By Gerald S. Kerska. Full text here.
State-mandated occupational licensing laws are prevalent in the United States. Indeed, one-quarter of all Americans need a license to engage in their professions. Over the past decade, the most onerous of these regulations have come under attack in federal court for violating the Due Process and Equal Protection Clauses of the Fourteenth Amendment. State officials, in defending licensing requirements, have argued that pure economic protectionism, i.e., protecting one’s favorite constituents from competition in the marketplace, provides a legitimate state interest for occupational licensing requirements. This argument gained traction in some circuits but not others, leaving the courts of appeals deeply divided.
In light of this circuit split, a substantial number of commenters have urged federal courts to aggressively review occupational licensing laws under the rational basis with bite or intermediate scrutiny standards.

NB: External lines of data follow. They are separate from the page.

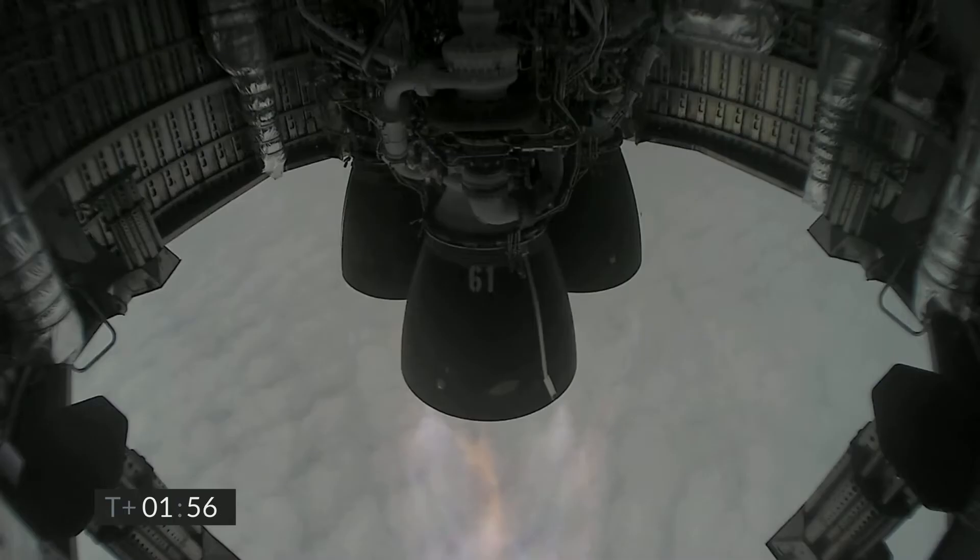At T plus 2 minutes and 2 seconds we hear confirmation that Raptor engine number 3 has shut down, starting the slowdown of SN15. The remaining Raptor engines are continuing to perform, and we've got shutdown on engine 3 on time.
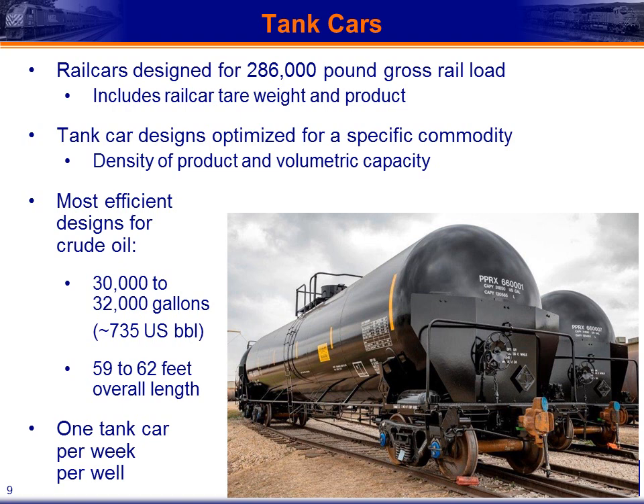These rail cars are designed for a 286,000-pound gross rail load, which includes the car tare weight and the weight of the product itself. As with CE 408, these tank car designs are optimized for a specific commodity — in this case, the density of crude oil — which determines the volumetric capacity of the tank car. The most efficiently sized tank cars for crude oil are typically in the range of 30,000 to 32,000 gallons, or approximately 735 US barrels from an oil industry perspective. Looking at the overall length coupler to coupler, these cars are 59 to 62 feet, giving a good building block for design and layout of your facility.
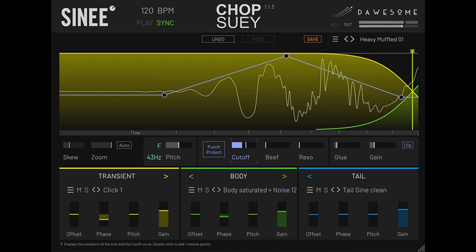Welcome to Music Gears, where we bring you the latest info on new music instruments, software, and other gear from around the world. Traction Corporation is proud to present Chop Suey, the new kick drum plug-in from Dossum and the renowned techno producer Bjorn Torwellen.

Breaking from that trend, this Note argues that neither the lower federal courts nor the Supreme Court should take up the heady task of reforming occupational licensing laws through judicial review.

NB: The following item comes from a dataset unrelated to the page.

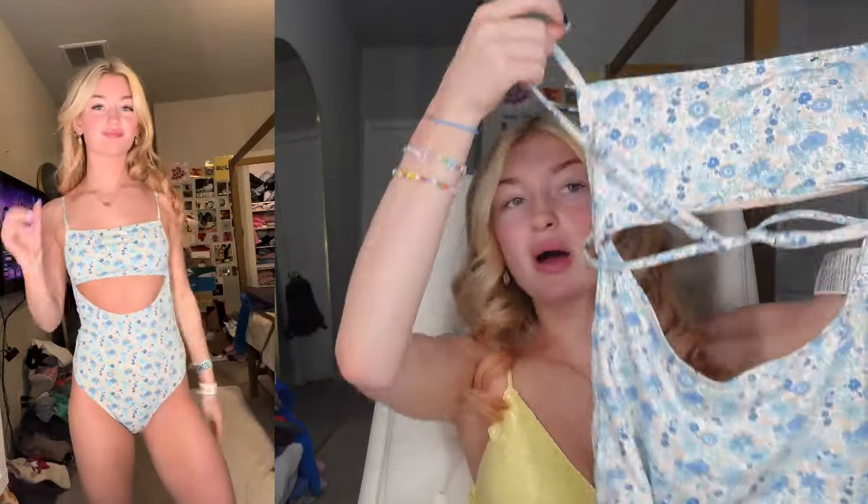Next up, this one is I think from Cotton On. I got this one also a long time ago, but it's a one piece and I still think it's really cute because it has this little cutout and I really just like the pattern — the pattern is just super pretty. I haven't worn this one in a hot minute, but if I need to go to like a family event I'll wear this one because it's definitely more modest.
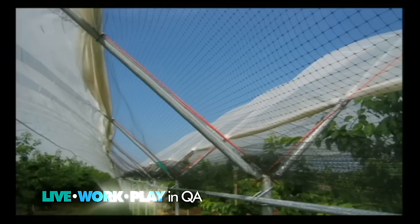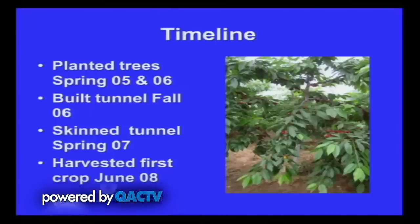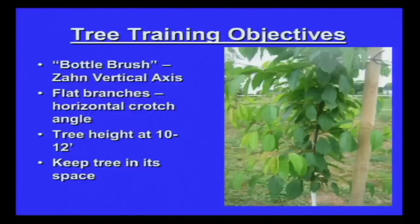As you vent the tunnels and move the poly up as the season progresses, you can move the netting right up along with it. The timeline: I planted the trees in '05 and '06, built the tunnel steel in fall of '06, covered for the first time in '07, and harvested my first crop in '08. Those were the '05 trees getting a crop in '08 — that's the advantage of cherry trees on dwarfing rootstock: the ability to get a third-year harvest. It's not your biggest harvest, but compared to traditional trees where you're waiting five, six, seven years, it's a major advantage.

This Note begins by arguing that every occupational licensing law survives judicial review under existing Fourteenth Amendment jurisprudence for two reasons. First, occupational licensing laws are subject to the highly deferential rational basis standard, and non-protectionist justifications will almost always support a challenged law. Second, economic protectionism is not a form of group-based targeting, like animus, that supports rational basis with bite.
After finding existing law to be inadequate for striking down licensing requirements, this Note then asks whether heightened judicial review should be extended to such challenges. The answer is no. Adopting a robust anti-economic protectionism principle would push beyond the limits of the judiciary’s institutional competency, threaten to hale much state economic policy into federal court, and stunt the development of other doctrines that can be used to challenge unfair licensing laws, i.e., state constitutional and administrative law and federal antitrust law.
Instead, this Note contends that Congress must lead reform efforts. State governments have tried and failed to reform licensing requirements. One such effort from Indiana provides an example of an aggressive and cost-effective method of reducing occupational licensing requirements through a sunset committee. By taking the Indiana plan national, Congress can reduce occupational licensing requirements and thereby break down unnecessary barriers to the American Dream.